Ask anyone on the street to give you the definition of the word “polyglot” and he’ll mutter out something about “a person speaking many languages”. Still, if we go in depth we will find out that a polyglot is much more than this and they can be categorized through various means.
Strictly put, the dictionary definition of a polyglot is “someone that has a high degree of proficiency with several languages”. But being a polyglot is in itself a cultural and social status and this is undeniable. Knowing many languages isn’t just helpful for career or traveling purposes, it’s also heightening to you as a person in society and the views of others towards you will be undoubtedly changed for the better.
But let’s see what different types of polyglots are there and how you can “earn” your place in one of these categories. Take note that when counting the number of languages one speaks, you always consider his native tongue as well. Still, a person that only knows one foreign language (thus can speak two languages fluently) is not considered a polyglot.
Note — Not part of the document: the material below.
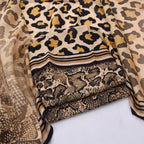 3pc Bana Dora Lawn Allover Shirt Trouser with digital dupatta 9563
Instead, he is considered a “bilingual speaker”. There’s a debate on whether or not people speaking three languages fluently should be called polyglots or simply trilingual speakers, but it’s generally acknowledged that a person is only considered a true polyglot when he can fluently speak 3 foreign languages or above, plus his native tongue.
Still, how do you define a person as “speaking a language”? Knowing how to say “Hi my name is Joe” in 8 different languages won’t mean you can speak those languages and it will definitely not make you a polyglot. In order for you to be considered a speaker of a certain language you need to have a moderately solid base of vocabulary as well as an average grip on grammar, spelling, pronunciation and other similar elements of that language.
Another problem that appears when dealing with this “language counting” phenomenon is the lack of clarity towards how you separate languages. For example, Scandinavian languages are quite similar to one another and a Norwegian speaker for example can usually understand a Swedish speaker without putting too much effort in it, so learning both languages is easy once you know one of them. This way, your language counter goes up 2 steps although you had an easy job. On the other end, a person learning the two major Chinese dialects of Cantonese and Mandarin will spend much more effort into them (the two dialects differ heavily and they are quite large and complicated, thus a pain to learn) and still get a single buff to their language counter.
Obviously, this is all just theoretical talk, since no one will really keep count of the languages you can speak. However, they will most likely be impressed when they’ll hear you talk in 3 or more languages on different occasions or when they’ll notice you can fluently talk both Chinese dialects or 3-4 Slavic languages.